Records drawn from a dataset
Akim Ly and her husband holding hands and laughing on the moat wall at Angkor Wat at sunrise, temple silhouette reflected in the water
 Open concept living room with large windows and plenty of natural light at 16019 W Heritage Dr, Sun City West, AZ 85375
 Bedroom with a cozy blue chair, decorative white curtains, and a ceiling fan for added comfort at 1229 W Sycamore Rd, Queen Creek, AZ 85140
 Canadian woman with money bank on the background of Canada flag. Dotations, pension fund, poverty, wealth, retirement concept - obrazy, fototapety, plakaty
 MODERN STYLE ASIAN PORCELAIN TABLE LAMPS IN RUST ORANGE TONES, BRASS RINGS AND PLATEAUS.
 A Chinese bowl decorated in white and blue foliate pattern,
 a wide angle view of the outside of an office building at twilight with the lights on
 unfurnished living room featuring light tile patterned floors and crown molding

§ Exercise goal
Without omitting any record, transcribe the data exactly.

§ Exercise output
Akim Ly and her husband holding hands and laughing on the moat wall at Angkor Wat at sunrise, temple silhouette reflected in the water
 Open concept living room with large windows and plenty of natural light at 16019 W Heritage Dr, Sun City West, AZ 85375
 Bedroom with a cozy blue chair, decorative white curtains, and a ceiling fan for added comfort at 1229 W Sycamore Rd, Queen Creek, AZ 85140
 Canadian woman with money bank on the background of Canada flag. Dotations, pension fund, poverty, wealth, retirement concept - obrazy, fototapety, plakaty
 MODERN STYLE ASIAN PORCELAIN TABLE LAMPS IN RUST ORANGE TONES, BRASS RINGS AND PLATEAUS.
 A Chinese bowl decorated in white and blue foliate pattern,
 a wide angle view of the outside of an office building at twilight with the lights on
 unfurnished living room featuring light tile patterned floors and crown molding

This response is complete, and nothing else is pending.